Material for this task: Begin

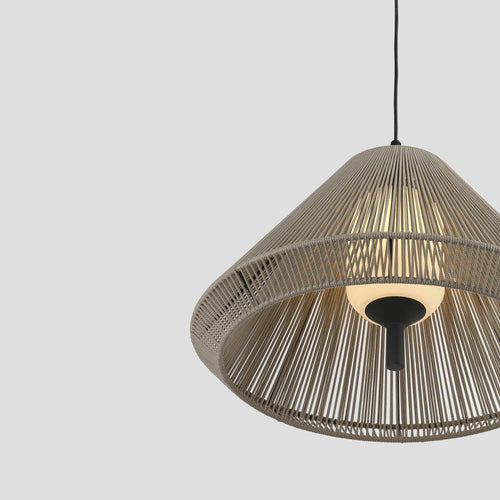 Faro Saigon Out C70 Grijs, Beige Hanglamp Kegelkap IP65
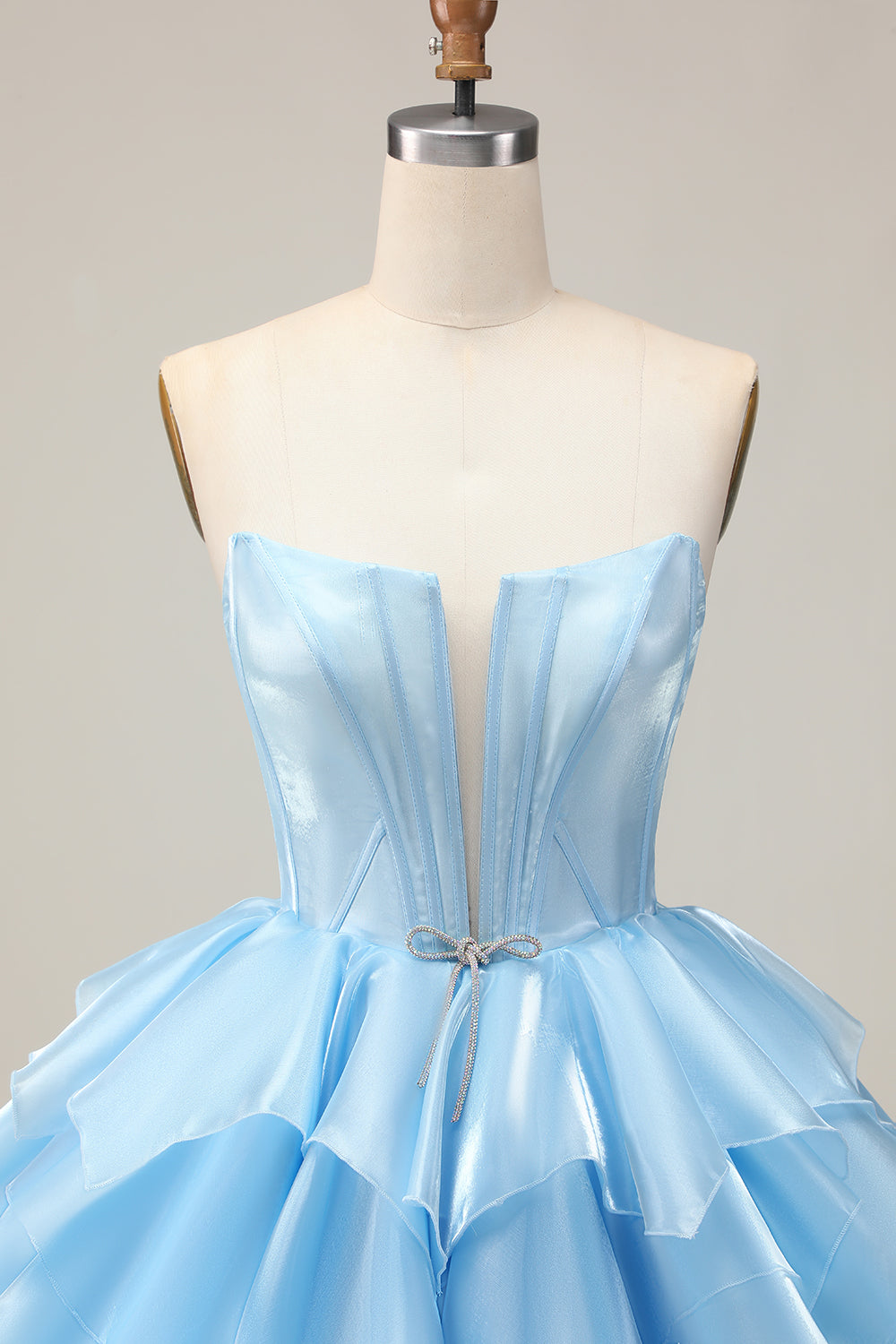 Corset A Line Tiered Strapless Pink Homecoming Dress with Lace Up Back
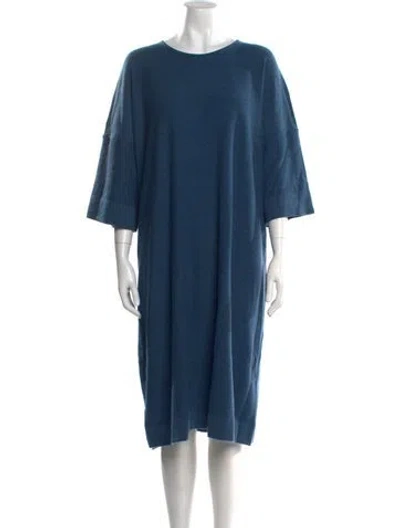 Pre-owned Eskandar Cashmere Midi Length Dress In Blue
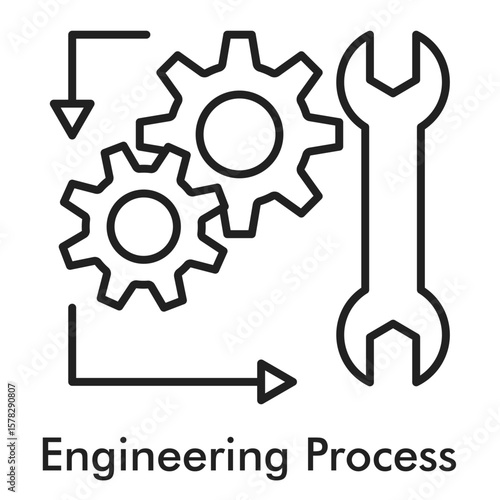 Engineering Process Icon - Line Style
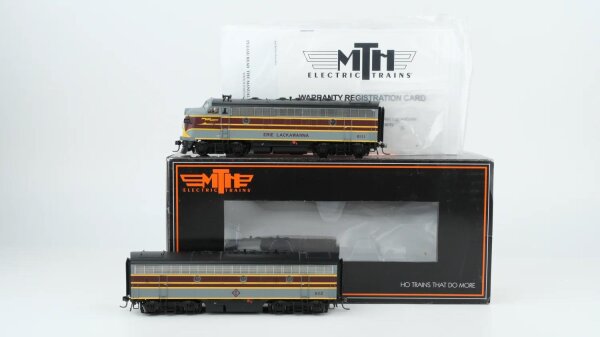 MTH H0 80-2123 US Diesellok Set 6111 / 6112 F-7 A & B Unit Erie Lackawanna Gleichstrom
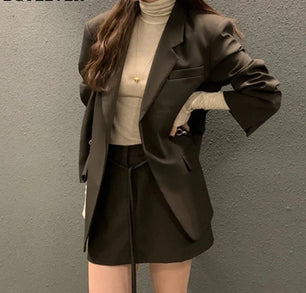 Women's Cotton Notched Collar Full Sleeves Vintage Blazer Set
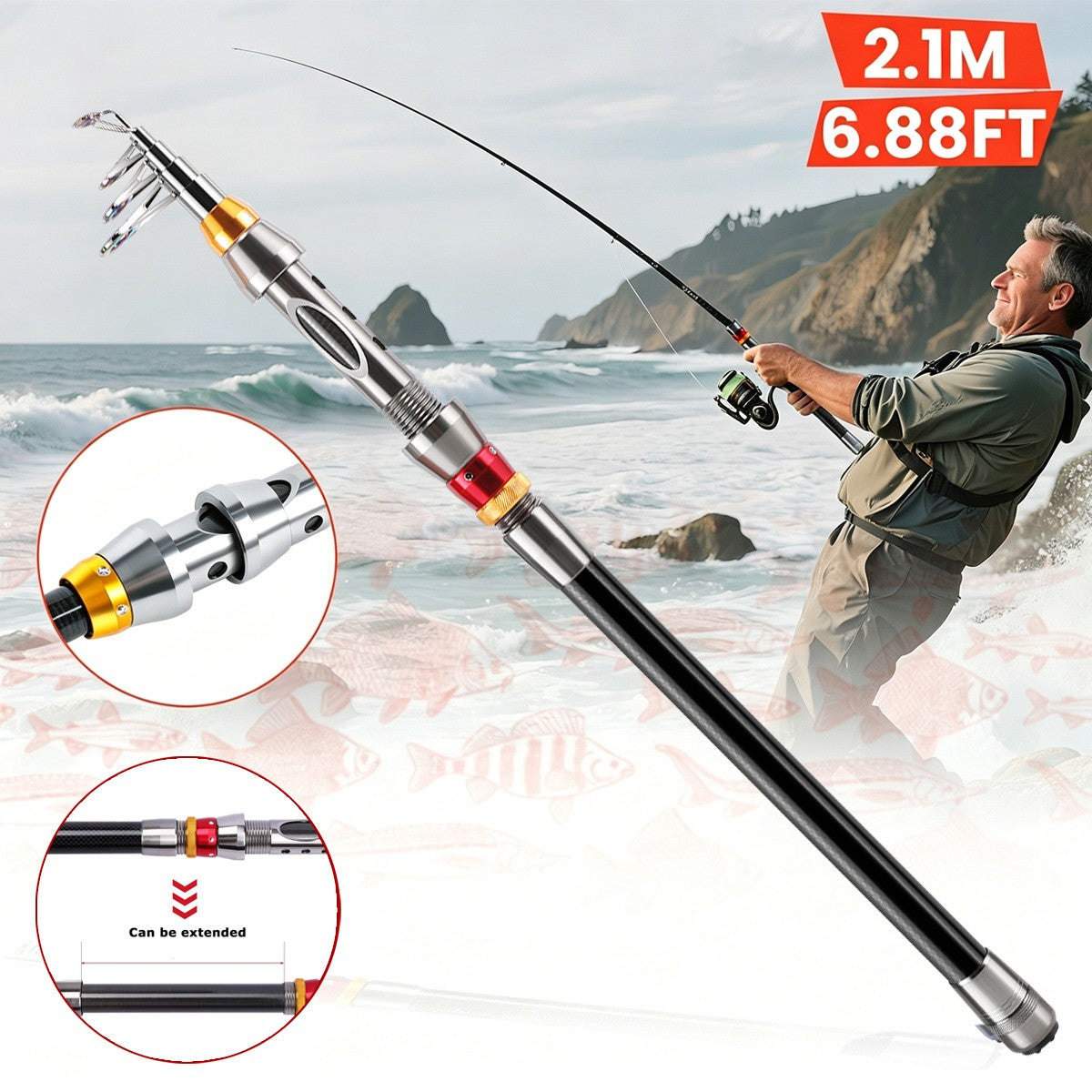Telescopic Carbon Fiber Fishing Rod High Sensitivity Spinning Rod - Multiple Lengths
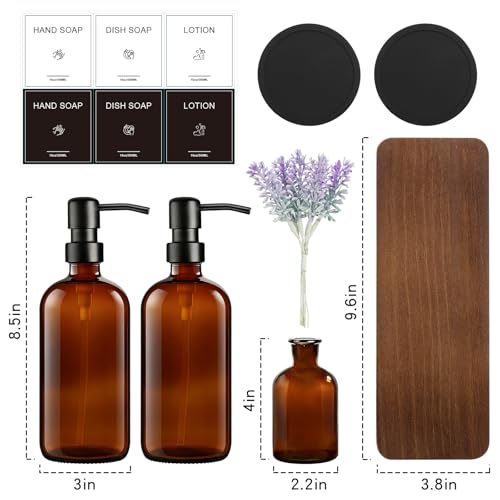 KEYWING Kitchen Soap Dispenser Set with Wood Tray, 16oz Amber Glass Soap Dispensers with Stainless Steel Pumps, Hand and Dish Soap Dispenser Set for Kitchen, Soap and Lotion Dispenser Set for Bathroom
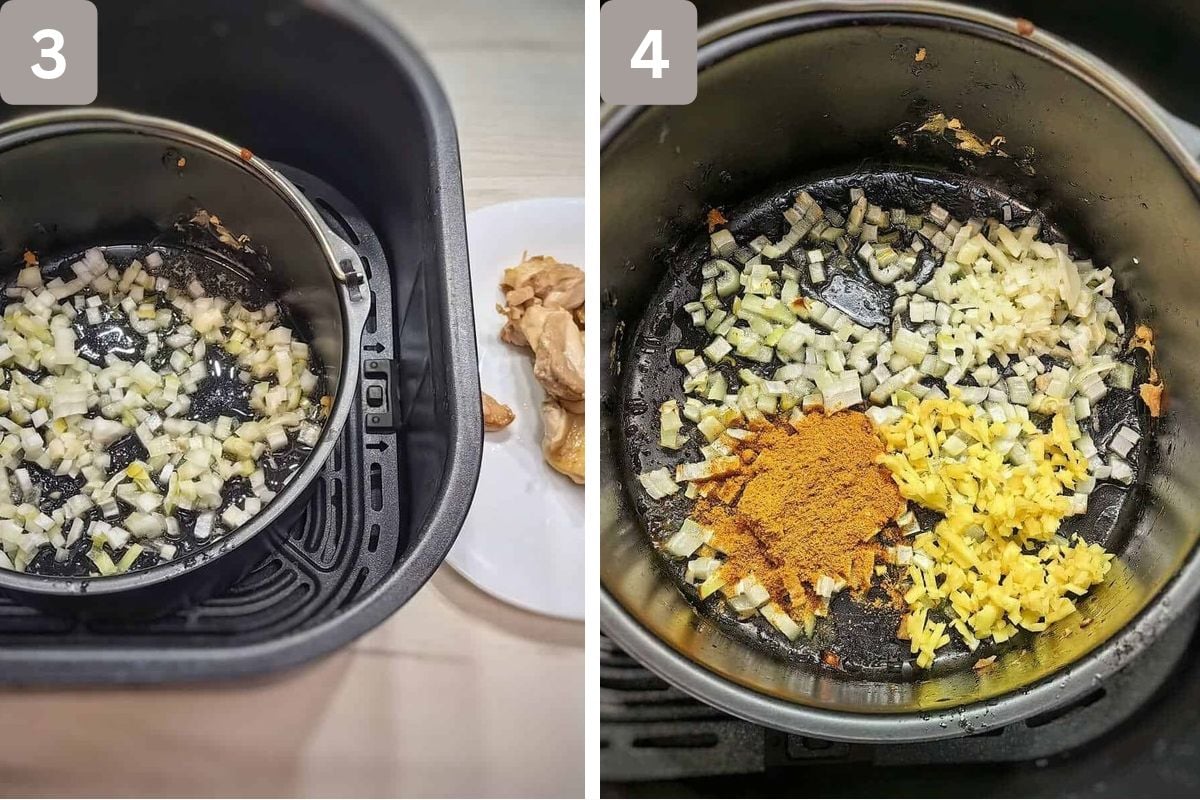 Finely chopped onions in bowl and chopped garlic, ginger and curry powder added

Material for this task: End

▶ Work instructions
Would you set down the records exactly, with no pictures included?

▶ Answer for this exercise
 Faro Saigon Out C70 Grijs, Beige Hanglamp Kegelkap IP65
 Corset A Line Tiered Strapless Pink Homecoming Dress with Lace Up Back
 Pre-owned Eskandar Cashmere Midi Length Dress In Blue
 Engineering Process Icon - Line Style
 MTH H0 80-2123 US Diesellok Set 6111 / 6112 F-7 A & B Unit Erie Lackawanna Gleichstrom
 Women's Cotton Notched Collar Full Sleeves Vintage Blazer Set
Telescopic Carbon Fiber Fishing Rod High Sensitivity Spinning Rod - Multiple Lengths
 KEYWING Kitchen Soap Dispenser Set with Wood Tray, 16oz Amber Glass Soap Dispensers with Stainless Steel Pumps, Hand and Dish Soap Dispenser Set for Kitchen, Soap and Lotion Dispenser Set for Bathroom
 Finely chopped onions in bowl and chopped garlic, ginger and curry powder added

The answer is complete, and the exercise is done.